Apr 10 2018
Digital Workspace

Businesses Can Deliver a Modern Meeting Experience if They Put People First

Too much meeting time is wasted trying to get technology to work. But it doesn’t have to be that way.

No one likes meetings. Yet Americans are having more meetings than ever — as many as 56 million of them every day, by one estimate. And it seems like modern meetings are getting longer and more complicated, with participants forever struggling with login credentials, technical challenges and other obstacles to success.

In fact, the average business meeting is now 85 minutes long, and about 20 percent of that is consumed solving problems with the meeting technology itself.

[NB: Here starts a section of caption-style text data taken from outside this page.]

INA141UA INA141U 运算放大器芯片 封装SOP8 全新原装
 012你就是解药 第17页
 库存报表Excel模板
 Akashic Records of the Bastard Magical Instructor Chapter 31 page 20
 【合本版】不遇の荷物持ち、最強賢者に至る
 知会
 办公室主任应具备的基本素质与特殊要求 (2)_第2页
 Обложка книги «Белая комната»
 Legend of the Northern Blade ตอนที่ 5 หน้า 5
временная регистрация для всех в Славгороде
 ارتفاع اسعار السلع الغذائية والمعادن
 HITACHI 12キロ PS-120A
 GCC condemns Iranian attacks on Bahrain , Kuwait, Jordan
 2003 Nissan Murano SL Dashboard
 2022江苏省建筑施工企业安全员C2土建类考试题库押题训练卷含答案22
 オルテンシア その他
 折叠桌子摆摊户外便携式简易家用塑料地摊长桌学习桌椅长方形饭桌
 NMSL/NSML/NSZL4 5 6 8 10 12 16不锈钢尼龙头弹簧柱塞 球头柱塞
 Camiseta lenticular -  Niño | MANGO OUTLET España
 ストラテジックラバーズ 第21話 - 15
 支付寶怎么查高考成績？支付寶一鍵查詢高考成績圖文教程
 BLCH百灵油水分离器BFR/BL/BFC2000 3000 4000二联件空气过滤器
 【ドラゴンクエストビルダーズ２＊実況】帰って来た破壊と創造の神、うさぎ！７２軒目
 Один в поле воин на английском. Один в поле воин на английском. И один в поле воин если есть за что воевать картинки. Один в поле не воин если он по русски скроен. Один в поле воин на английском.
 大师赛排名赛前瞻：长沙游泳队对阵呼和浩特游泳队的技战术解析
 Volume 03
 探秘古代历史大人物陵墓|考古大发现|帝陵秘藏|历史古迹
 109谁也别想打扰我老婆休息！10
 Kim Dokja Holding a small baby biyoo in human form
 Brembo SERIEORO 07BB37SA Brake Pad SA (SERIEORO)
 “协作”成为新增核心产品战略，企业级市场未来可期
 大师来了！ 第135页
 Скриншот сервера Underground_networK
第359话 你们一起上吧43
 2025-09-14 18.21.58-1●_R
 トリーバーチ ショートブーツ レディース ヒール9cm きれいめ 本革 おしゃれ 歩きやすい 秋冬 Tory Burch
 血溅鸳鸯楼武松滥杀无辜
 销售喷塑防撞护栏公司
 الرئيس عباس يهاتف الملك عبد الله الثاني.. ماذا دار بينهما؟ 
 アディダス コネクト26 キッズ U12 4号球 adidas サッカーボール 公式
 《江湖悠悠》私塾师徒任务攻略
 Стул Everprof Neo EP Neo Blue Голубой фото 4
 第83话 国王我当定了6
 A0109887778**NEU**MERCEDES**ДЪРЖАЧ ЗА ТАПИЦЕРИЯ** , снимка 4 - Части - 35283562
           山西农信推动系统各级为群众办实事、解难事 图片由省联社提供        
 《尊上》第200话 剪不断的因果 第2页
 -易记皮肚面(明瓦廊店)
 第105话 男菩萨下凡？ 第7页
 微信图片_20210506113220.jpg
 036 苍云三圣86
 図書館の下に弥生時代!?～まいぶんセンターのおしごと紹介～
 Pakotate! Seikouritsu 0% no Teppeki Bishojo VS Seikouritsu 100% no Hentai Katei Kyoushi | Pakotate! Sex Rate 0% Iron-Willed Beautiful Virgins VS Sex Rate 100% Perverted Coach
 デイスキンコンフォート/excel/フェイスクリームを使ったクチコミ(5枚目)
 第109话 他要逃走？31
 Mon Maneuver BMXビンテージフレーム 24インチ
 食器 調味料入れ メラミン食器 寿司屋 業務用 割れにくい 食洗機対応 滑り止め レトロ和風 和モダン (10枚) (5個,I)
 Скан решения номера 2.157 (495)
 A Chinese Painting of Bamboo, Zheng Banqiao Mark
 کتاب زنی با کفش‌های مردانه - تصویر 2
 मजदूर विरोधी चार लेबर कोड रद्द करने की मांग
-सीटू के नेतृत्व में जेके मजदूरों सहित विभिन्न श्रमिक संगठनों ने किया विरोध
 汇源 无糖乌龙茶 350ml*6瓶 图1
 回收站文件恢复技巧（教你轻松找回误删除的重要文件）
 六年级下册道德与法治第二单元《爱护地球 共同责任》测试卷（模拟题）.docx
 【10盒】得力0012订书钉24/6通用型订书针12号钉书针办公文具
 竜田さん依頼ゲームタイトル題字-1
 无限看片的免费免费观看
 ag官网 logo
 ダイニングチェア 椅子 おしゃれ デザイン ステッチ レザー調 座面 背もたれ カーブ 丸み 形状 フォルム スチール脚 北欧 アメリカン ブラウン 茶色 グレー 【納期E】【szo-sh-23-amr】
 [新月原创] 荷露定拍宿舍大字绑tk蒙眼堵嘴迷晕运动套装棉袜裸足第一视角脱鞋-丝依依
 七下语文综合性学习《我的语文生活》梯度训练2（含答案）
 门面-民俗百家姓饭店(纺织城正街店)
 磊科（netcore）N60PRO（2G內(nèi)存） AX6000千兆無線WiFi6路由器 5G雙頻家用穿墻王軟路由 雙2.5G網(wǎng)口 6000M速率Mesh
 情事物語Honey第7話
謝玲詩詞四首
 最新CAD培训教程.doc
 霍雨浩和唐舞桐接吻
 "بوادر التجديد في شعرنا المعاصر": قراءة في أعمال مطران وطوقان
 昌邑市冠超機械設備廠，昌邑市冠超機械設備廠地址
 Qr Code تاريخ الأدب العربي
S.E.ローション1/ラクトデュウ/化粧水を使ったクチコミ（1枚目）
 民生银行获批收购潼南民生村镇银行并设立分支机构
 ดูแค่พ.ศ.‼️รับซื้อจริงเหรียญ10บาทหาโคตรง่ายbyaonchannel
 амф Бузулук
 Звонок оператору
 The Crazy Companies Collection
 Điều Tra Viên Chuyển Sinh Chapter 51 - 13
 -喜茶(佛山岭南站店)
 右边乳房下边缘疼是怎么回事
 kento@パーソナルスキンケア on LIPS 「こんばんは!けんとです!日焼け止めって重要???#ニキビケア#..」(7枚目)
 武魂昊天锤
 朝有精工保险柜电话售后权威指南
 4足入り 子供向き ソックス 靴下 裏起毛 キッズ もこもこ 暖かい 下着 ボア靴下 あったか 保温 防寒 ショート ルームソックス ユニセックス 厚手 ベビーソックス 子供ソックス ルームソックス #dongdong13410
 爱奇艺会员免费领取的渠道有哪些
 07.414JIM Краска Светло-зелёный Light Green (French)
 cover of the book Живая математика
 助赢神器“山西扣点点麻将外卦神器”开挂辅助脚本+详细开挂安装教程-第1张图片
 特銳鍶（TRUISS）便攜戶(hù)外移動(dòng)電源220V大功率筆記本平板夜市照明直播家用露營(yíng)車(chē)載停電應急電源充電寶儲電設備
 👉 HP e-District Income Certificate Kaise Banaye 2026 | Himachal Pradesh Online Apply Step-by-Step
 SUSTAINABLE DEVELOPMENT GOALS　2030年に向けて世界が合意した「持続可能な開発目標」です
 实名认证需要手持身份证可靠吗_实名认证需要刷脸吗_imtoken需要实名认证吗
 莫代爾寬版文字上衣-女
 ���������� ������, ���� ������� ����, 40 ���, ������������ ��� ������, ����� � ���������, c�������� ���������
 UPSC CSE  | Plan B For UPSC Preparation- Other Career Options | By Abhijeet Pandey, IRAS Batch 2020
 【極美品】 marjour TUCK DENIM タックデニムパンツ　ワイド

No wonder 70 percent of workers admit to bringing other work to their meetings.

“We waste so much time just trying to start meetings,” said Nathan Coutinho, CDW’s director of digital workspace solutions, speaking at the CDW Enabling the Workforce SummIT in Austin, Texas.

All of this is an incredible drag on productivity, noted Faryar Zabihi, a collaboration solutions specialist with Cisco Systems. “I’ve noticed that people who are not engaged at meetings, you have to repeat things five times for them to hear something, 10 times for them to grasp it and about 20 times for them to take action on it,” he said.

But that may be changing, at least for some organizations, according to Coutinho and other SummIT presenters. They argued that advanced technology has already arrived to make modern meetings faster and the meeting experience simpler and more elegant.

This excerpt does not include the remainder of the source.